Verbas para a actividade parlamentar em 2006 e 2007 serviram para financiar
todos os partidos
Deputados da Madeira julgados pelo desvio de 6,5 milhões de subvenções
As verbas destinadas em 2006 e 2007 à actividade parlamentar serviram para
financiar todos os partidos, as suas caras campanhas e acções de caridade. O
Ministério Público já requereu o julgamento
Regiões autónomas
Tolentino da Nóbrega
Os líderes dos grupos parlamentares, deputados independentes e
representantes únicos de partidos na Assembleia Legislativa da Madeira serão
julgados pela utilização indevida das subvenções parlamentares realizadas em
2006 e 2007. Estão acusados de alegada prática de crime de peculato por titular
de cargo público, sendo-lhes exigida a devolução de, pelo menos, 6,579 milhões
de euros transferidos para as contas dos respectivos partidos ou para contas
pessoais, e utilizados indevidamente para campanhas eleitorais e outros fins
não previstos.
O Ministério Público requereu o julgamento dos dois processos instaurados,
mas as datas das audiências não foram ainda agendadas pelo juiz-conselheiro
relator da secção regional do Tribunal de Contas (TdC) na Madeira, confirmou o
PÚ- BLICO junto da Procuradoria-Geral da República (PGR). Os julgamentos de
responsabilidade financeira, sancionatória e reintegratória dizem respeito a
dois processos relativos à utilização das subvenções realizadas pela Assembleia
Legislativa da Madeira em 2006 e 2007.
Os requerimentos de procedimento jurisdicional foram dos últimos despachos
exarados pelo procurador-geral adjunto junto da TdC na Madeira, Varela Martins,
publicamente censurado pelo juizconselheiro desta secção João Aveiro Pereira por
não levar a julgamento o presidente e membros do governo regional aos quais
eram imputadas responsabilidades na ocultação de dívidas. Acusado de favorecer
o executivo de Alberto João Jardim, o magistrado pediu transferência para a
Procuradoria Distrital de Lisboa. Contactado pelo PÚBLICO sobre os processos
das subvenções, Varela Martins invocou o dever de reserva, consagrado no
Estatuto do Ministério Público, para não prestar qualquer esclarecimento.

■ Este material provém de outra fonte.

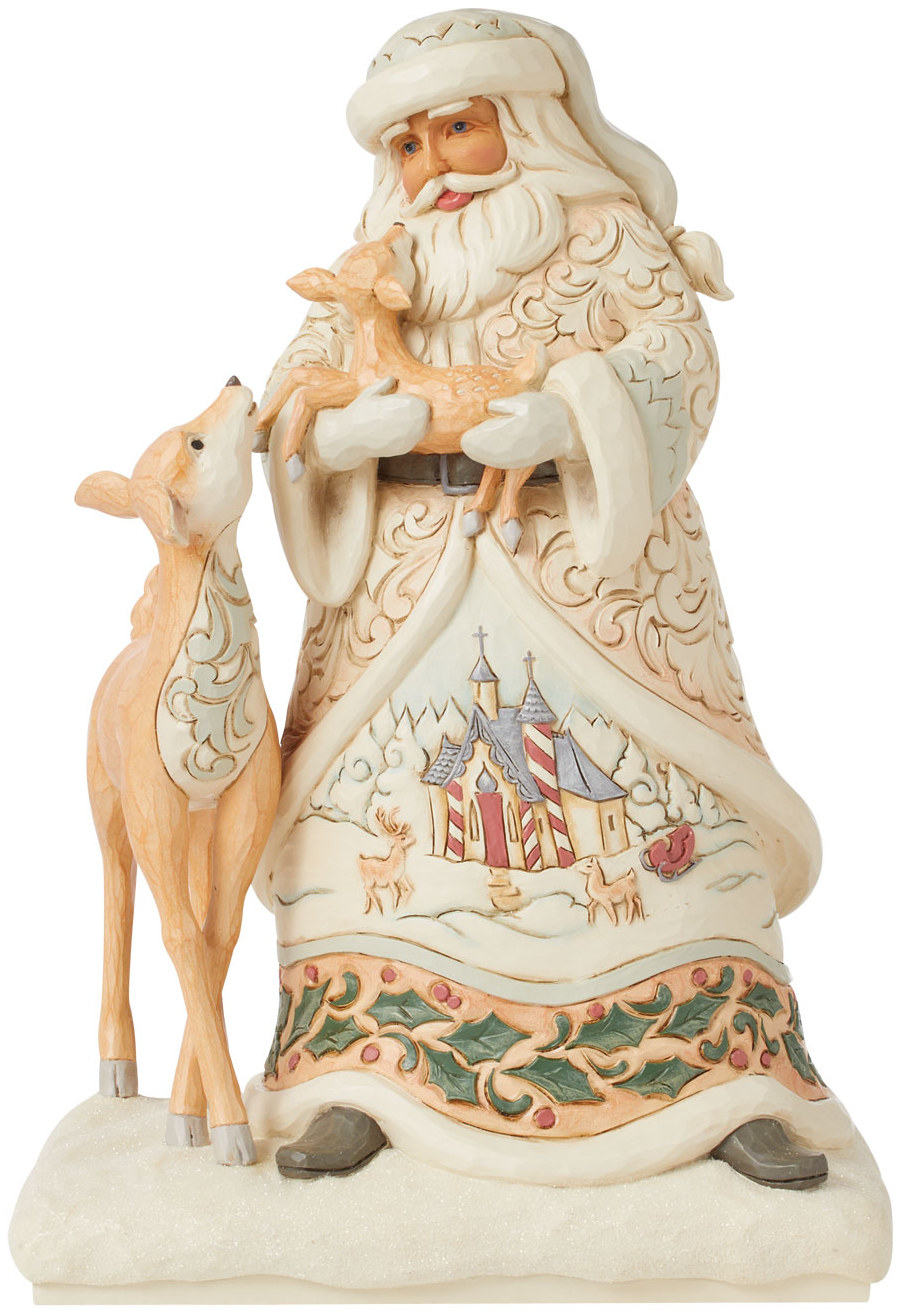 JS6015152 - Woodland Santa Holding Fawn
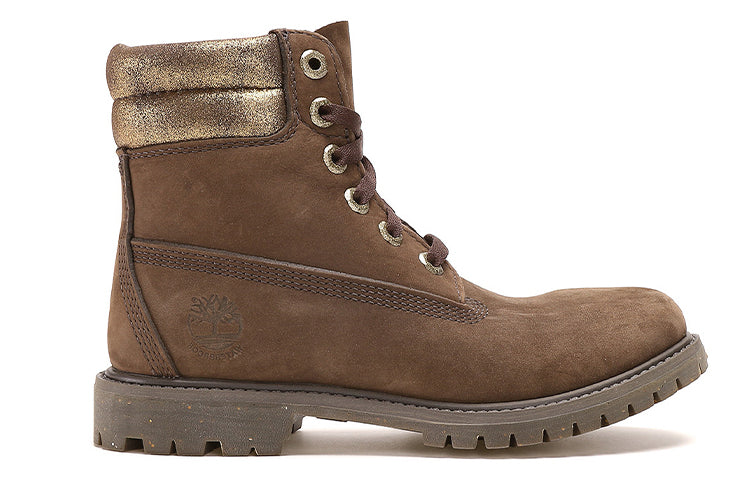 (WMNS) Timberland 6 Inch Waterville Premium Double Collar Boots 'Dark Brown' A1R2IA66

Remeteu-nos ainda para a PGR.
No relatório relativo a 2006, o procurador tinha dado, no final de Janeiro
de 2012, um prazo de 30 dias para os deputados notificados, e os membros do
conselho de administração do parlamento, em parte de forma solidária,
procederem à apresentação dos comprovativos das notificações e ao pagamento
voluntário de 1,966 milhões de euros, o que faria extinguir a responsabilidade
financeira. Dois meses depois, o mesmo magistrado deu novo ultimato
relativamente ao justificativo das subvenções de 2007, sob pena de procedimento
jurisdicional. Como não o fizeram, a devolução de tais verbas, com a respectiva
multa e emolumentos, será exigida em julgamento.
O PSD terá de devolver 4,4 milhões de euros não documentados ou
indevidamente utilizados. Menores valores, proporcionais às suas representações,
terão de ressarcir o PS (1,3 milhões), CDS (228 mil euros), PCP (159 mil), BE
(61 mil), PND (25 mil) e os deputados independentes João Isidoro (875 mil) e
Ismael Fernandes (71 mil euros). Em tribunal, os deputados demandados deverão
reclamar o perdão, com base na norma interpretativa introduzida na lei do
financiamento dos partidos em Novembro de 2010, por proposta dos deputados do
PSD-Madeira na Assembleia da Republica, e considerada “inconstitucional” e
“imoral”. Na altura, o constitucionalista Jorge Miranda classificou de
“irresponsabilidade” o perdão de cerca de 20 milhões que os partidos deveriam
devolver ao Estado, indevidamente recebidos entre 2006 e 2010.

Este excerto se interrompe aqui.